◆ WHAT IS EXPECTED
Under this line sits a listing. Repeat exactly and only its lines from the one holding "Calcetines Casuales Para" through the one holding "Load image into"; skip pictures.

◆ RECORDS SUPPLIED
-*-*-

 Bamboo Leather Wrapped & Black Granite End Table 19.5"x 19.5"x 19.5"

-*-*-

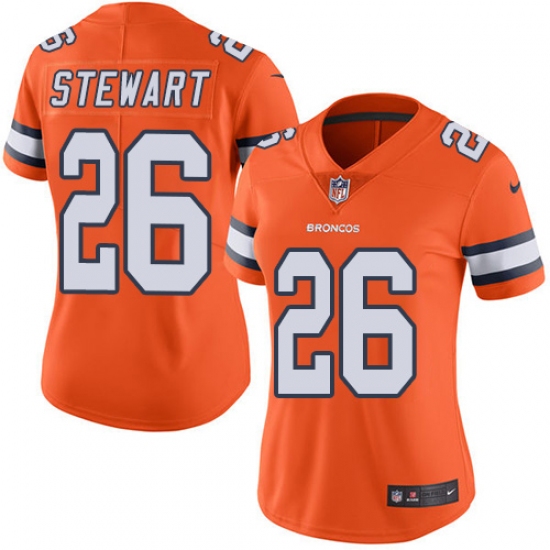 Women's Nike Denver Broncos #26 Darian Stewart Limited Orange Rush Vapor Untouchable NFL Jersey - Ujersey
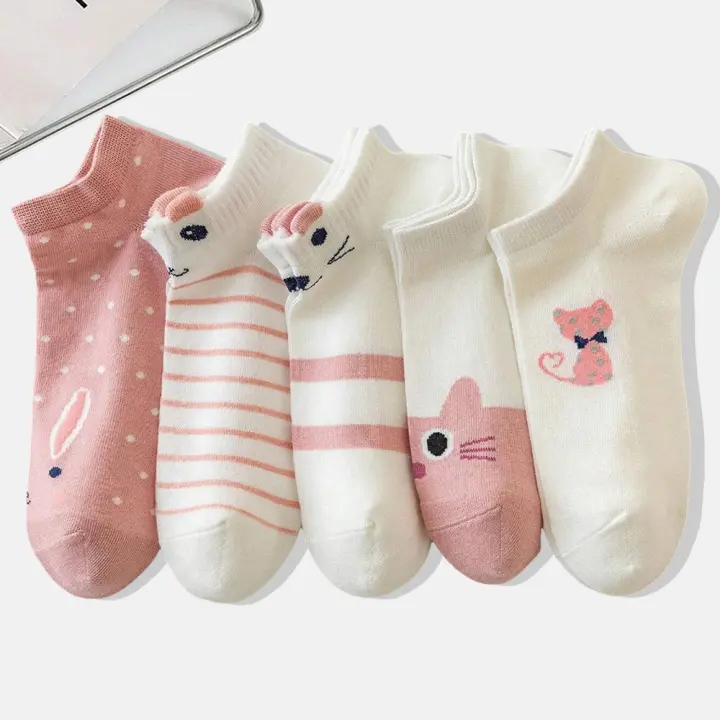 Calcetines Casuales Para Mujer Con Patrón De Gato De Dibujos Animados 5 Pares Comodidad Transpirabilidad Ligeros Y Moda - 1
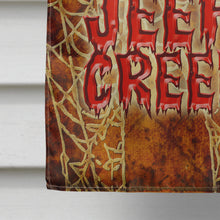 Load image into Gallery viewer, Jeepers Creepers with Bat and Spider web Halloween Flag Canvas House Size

-*-*-

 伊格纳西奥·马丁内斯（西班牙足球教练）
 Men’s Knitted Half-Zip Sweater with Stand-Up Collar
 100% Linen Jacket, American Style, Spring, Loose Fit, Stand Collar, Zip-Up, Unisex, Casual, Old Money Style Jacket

-*-*-

◆ ANSWER TO THIS EXERCISE
 Calcetines Casuales Para Mujer Con Patrón De Gato De Dibujos Animados 5 Pares Comodidad Transpirabilidad Ligeros Y Moda - 1
 Load image into Gallery viewer, Jeepers Creepers with Bat and Spider web Halloween Flag Canvas House Size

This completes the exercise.